Entrambi questi alimenti, sono fondamentali per la cucina della zona di Abbadia San Salvatore e zone limitrofe.
Per togliere l’appetito e terminare il percorso, con un panorama degno di nota, c’è un taxi ad attenderci, per portarci in cima al Monte Amiata.
I percorsi di trekking, sono poco distanti dalla cima del monte, dove possiamo trovare alcuni ristoranti, dai più raffinati, ai più casarecci.
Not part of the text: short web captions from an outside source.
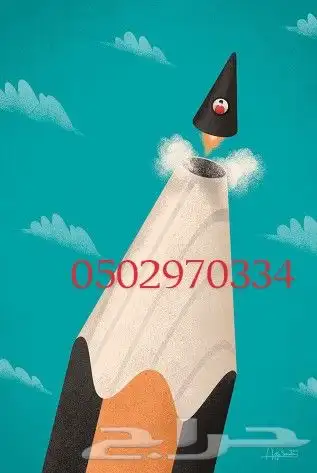 حل اختبارات واجبات حلول حل مشاريع تكاليف اختبارات 0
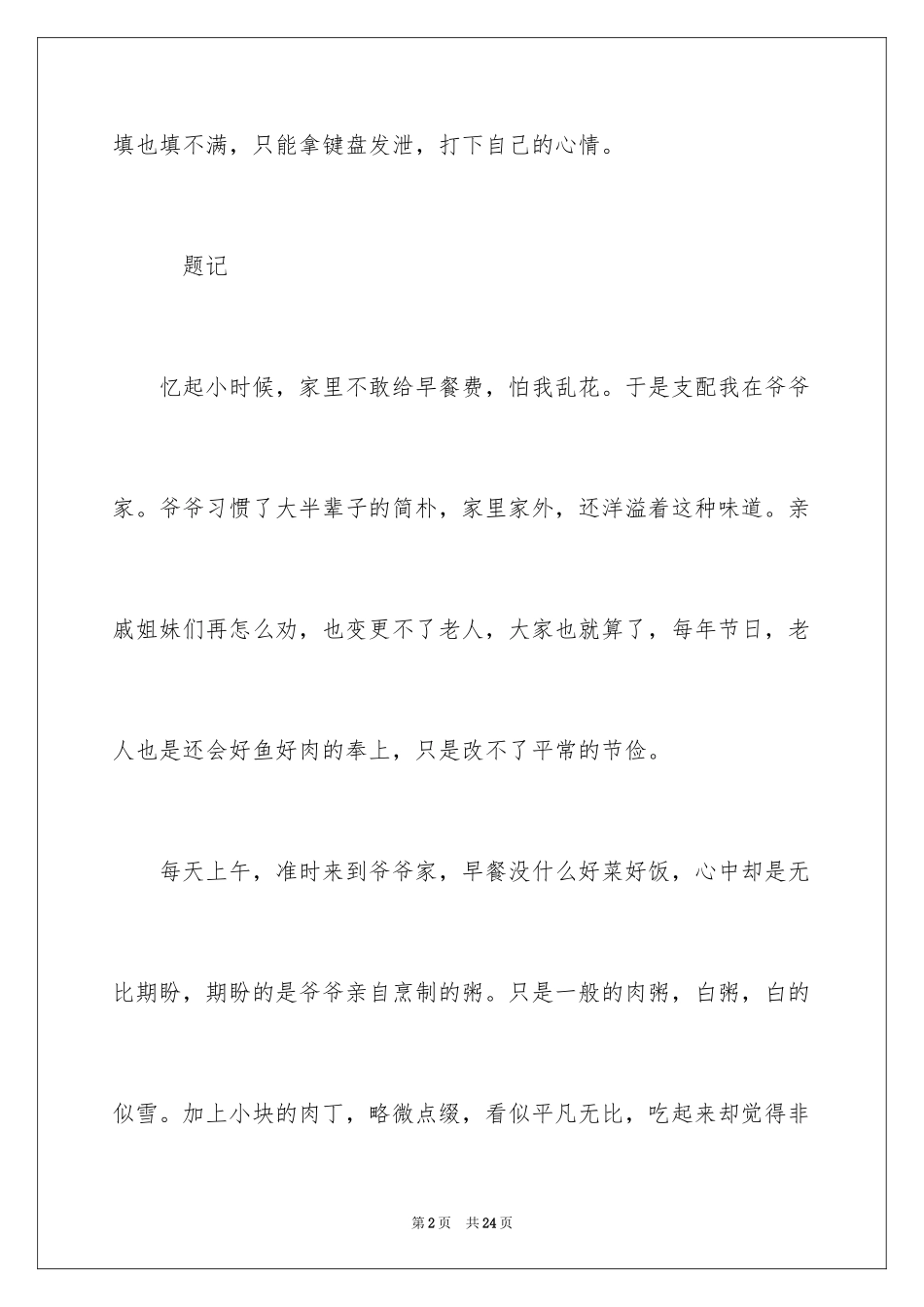 2024叙事写人作文_57_第2页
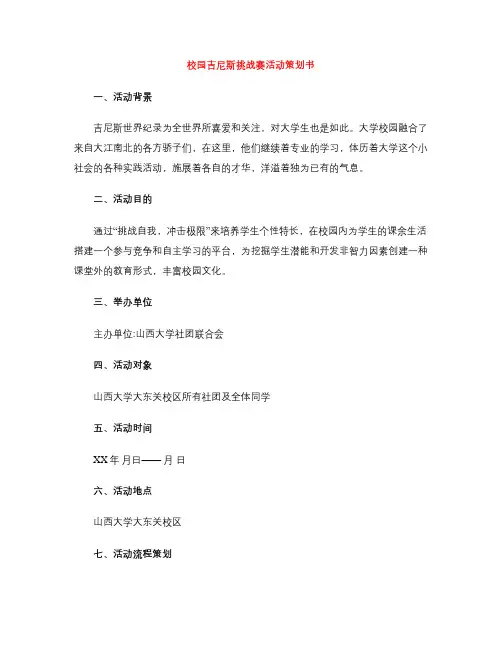 校园吉尼斯挑战赛活动策划书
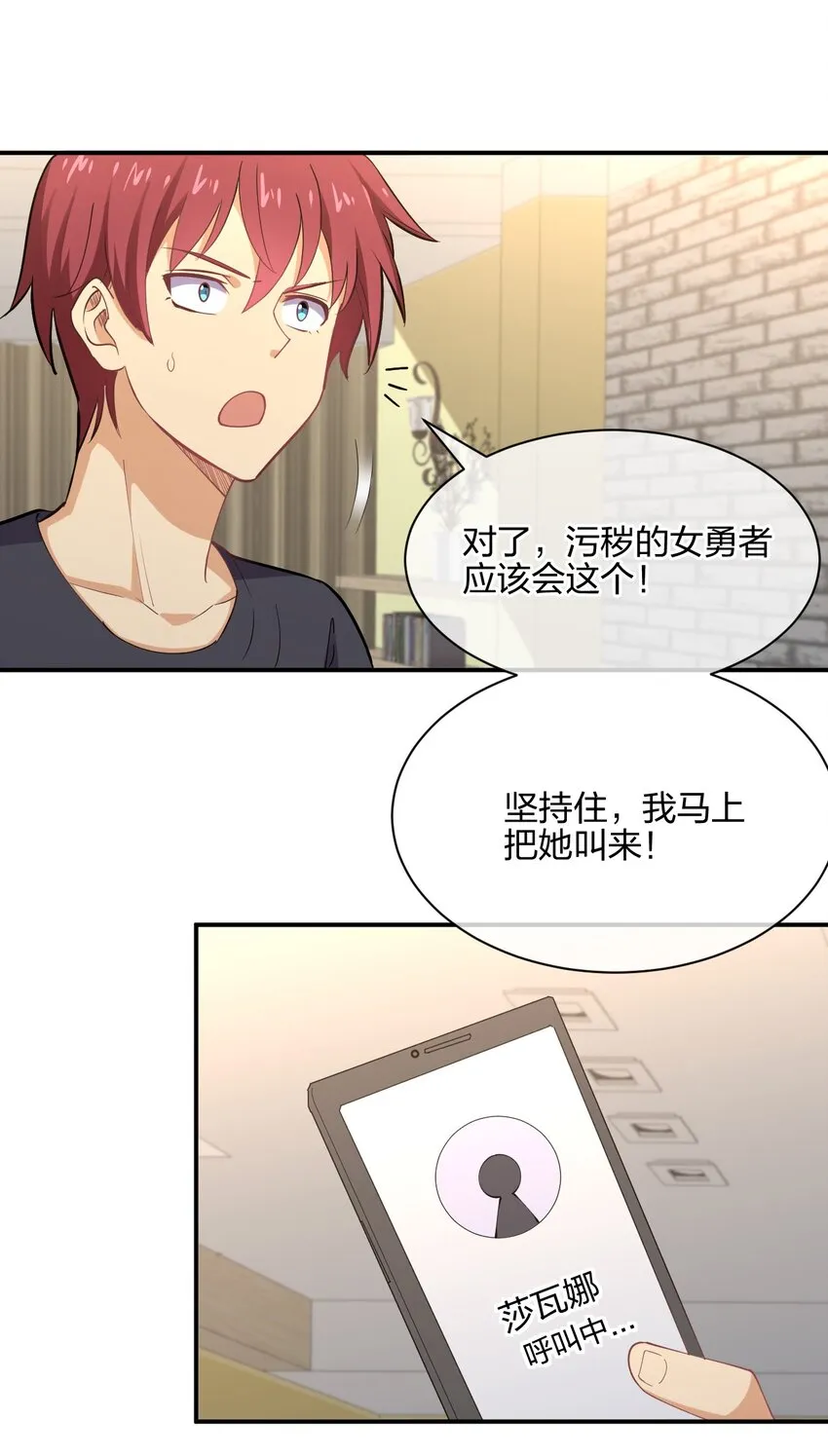 044 同居别墅 第2页
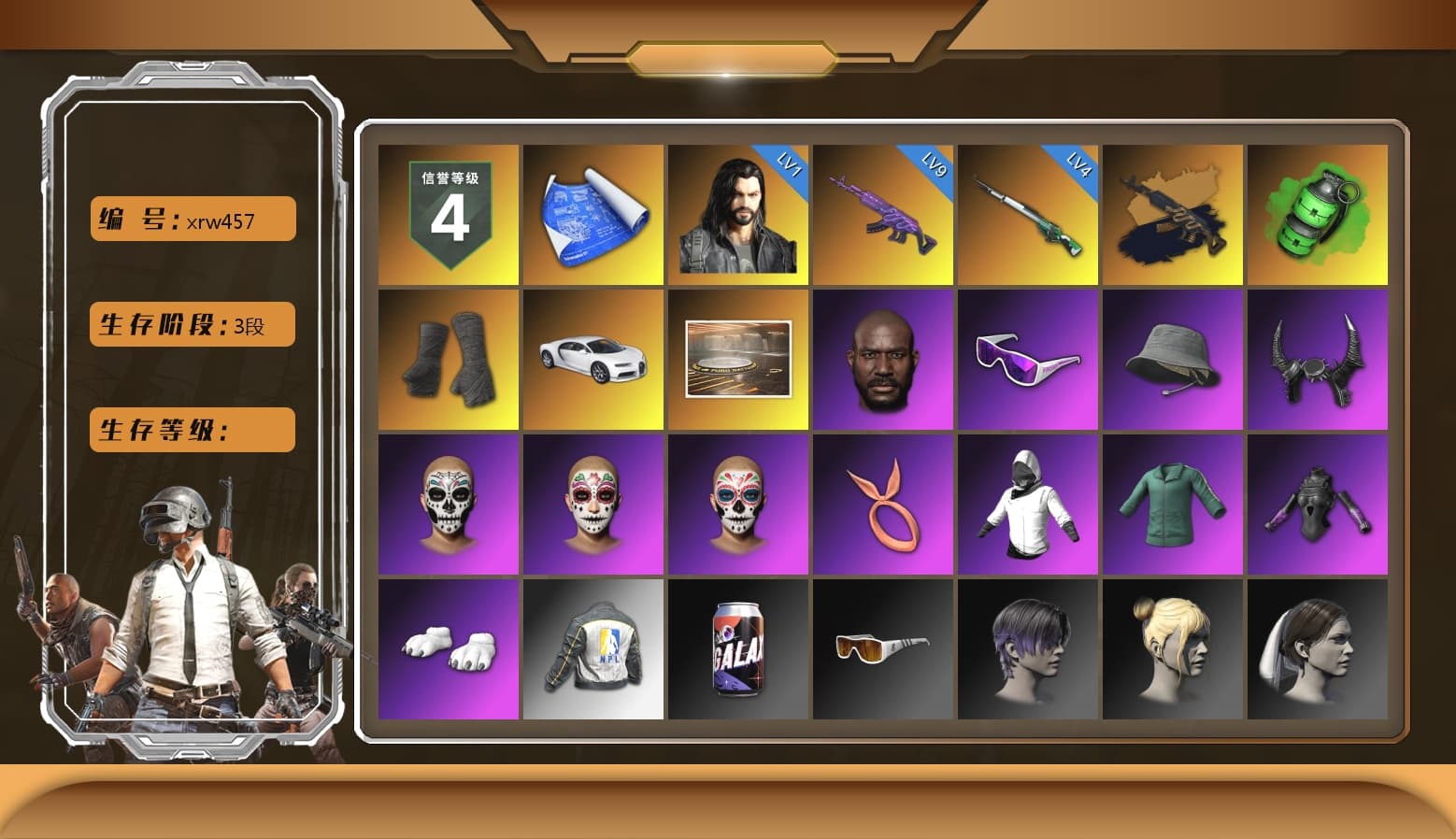 Medusa — Beryl M762 (Gold Charcoal), Emerald Smoke Grenade, Duncan's Infiltrator Handwraps, «Chiron» Sports Car, Jonathan Kamau, Snow Glasses, Demon Biker Horns, Polar Bear Feet, NPL 2019 Phase 2 Jacket, Sideshow Bear Feet, Exquisite Pants, StreamerOne, Training Jacket (Green), Full Autumn — M416, Blue Thunder Gloves, HUYA T-shirt - 1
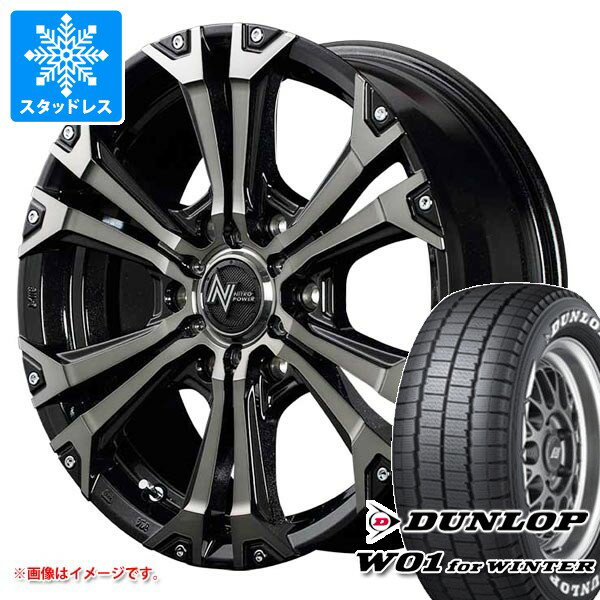 【タイヤ交換対象】トヨタ ハイエース 200系用 スタッドレス ダンロップ W01 for ウィンター 195/80R15 107/105N ホワイトレター ナイトロパワー ジャベリン タイヤホイール4本セット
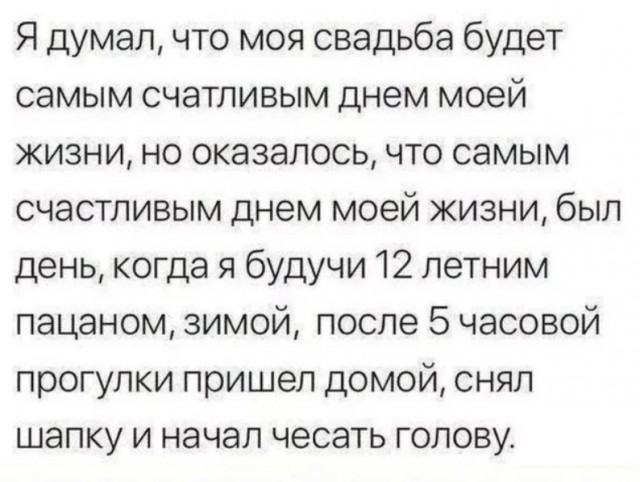 Всего понемногу. От 19.09.24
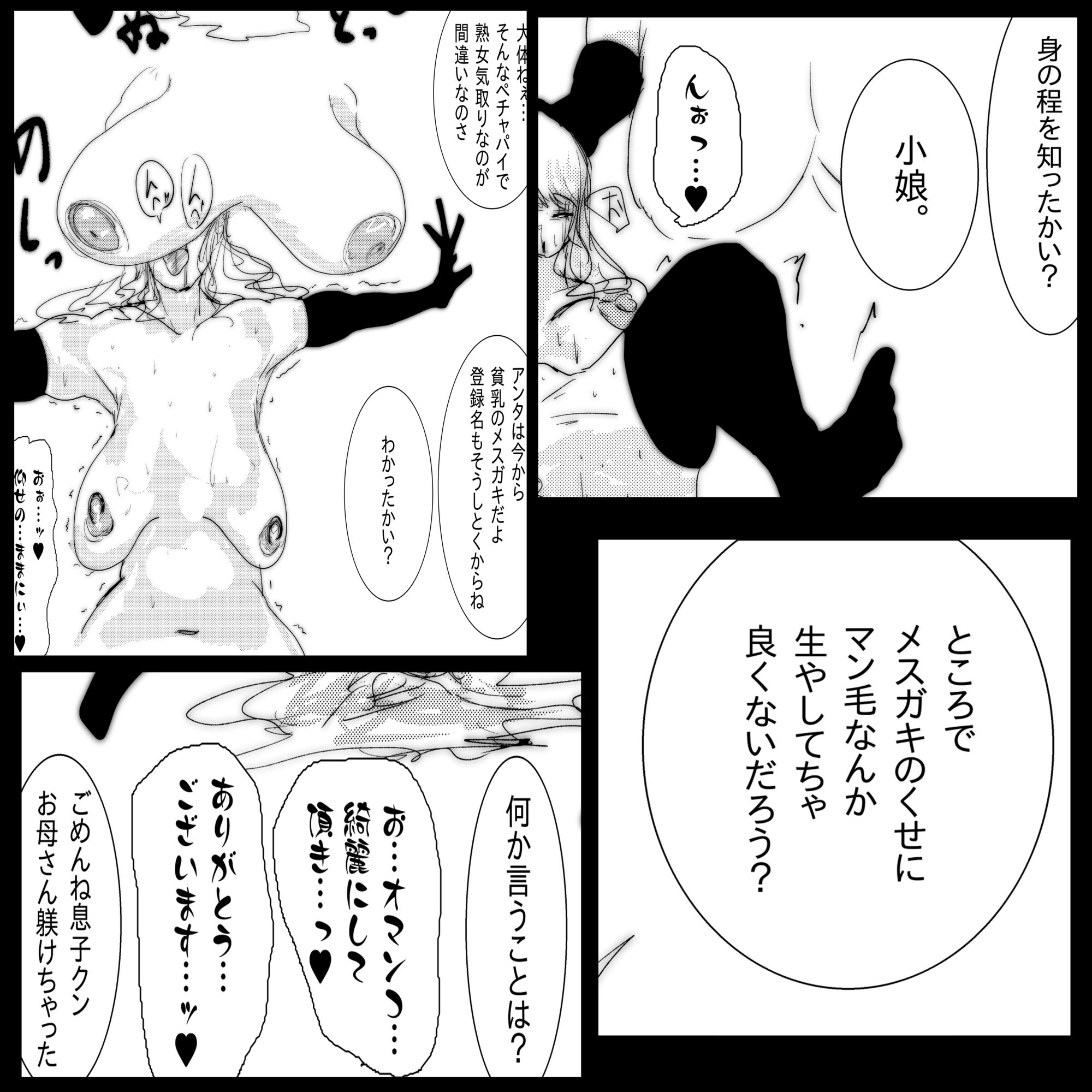 母さんが、負けた。~潜入捜査官朋子、屈服編~ 画像10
Ci fermiamo in uno dei più casarecci, (il bar ristorante La Vetta), dove si respira la vera tradizione Toscana, dove a servirci troveremo i camerieri più simpatici ed ospitali della regione, e dove solo il profumo delle portate ci fa capire cos’è la Toscana.
A colpire il mio palato questa volta, oltre ad i classici “PICI”, prosciutti e formaggi tipici, sono due piatti in particolare:
La cipollata toscana, un piatto nato dai minatori, povero, semplice, ma allo stesso tempo tipico e gustoso.
Composto da ingredienti poco costosi, pane raffermo, cipolle, uovo e pomodoro.
I minatori erano soliti mangiare questa pietanza, semplicemente perché costava poco, ed il pane era molto saporito grazie alla molta cipolla.
L’altra pietanza che ha colpito il mio palato, sono dei semplici funghi porcini al forno.
La cucina di quella zona è particolare, perché vengono usati esclusivamente prodotti del posto, infatti i funghi che vengono serviti, sono colti ai piedi del monte.
Il pranzo dura fino alle 15:45 circa, e finalmente ci si può godere il panorama dalla terrazza in cima al monte, (FOTO 15 FOTO 16) da dove si vedono addirittura i primi paesini del Lazio.
Adesso inizia a fare veramente fresco, la temperatura è sui 12 gradi, (FOTO 17) ma quando arriviamo a San Salvatore, risale a circa 18-19°.
Dopo questa lunga camminata, ed il pranzo, ci attende una guida per mostrarci il monastero del paese. (FOTO 19)
Un monastero medievale, molto bello, con annesso museo, un museo ancora in via di costruzione, che a breve diverrà un museo multimediale.
Quindi possiamo dire che la provincia di Siena, non solo è adatta a chi ama il cibo, i boschi o le terme, ma anche a chi è religioso e chi è amante dell’arte. (FOTO 20)
Il giro in chiesa e nel museo dura 2 ore abbondanti, e dopo si corre in centro a vedere la parte più vecchia del paese, la parte medievale.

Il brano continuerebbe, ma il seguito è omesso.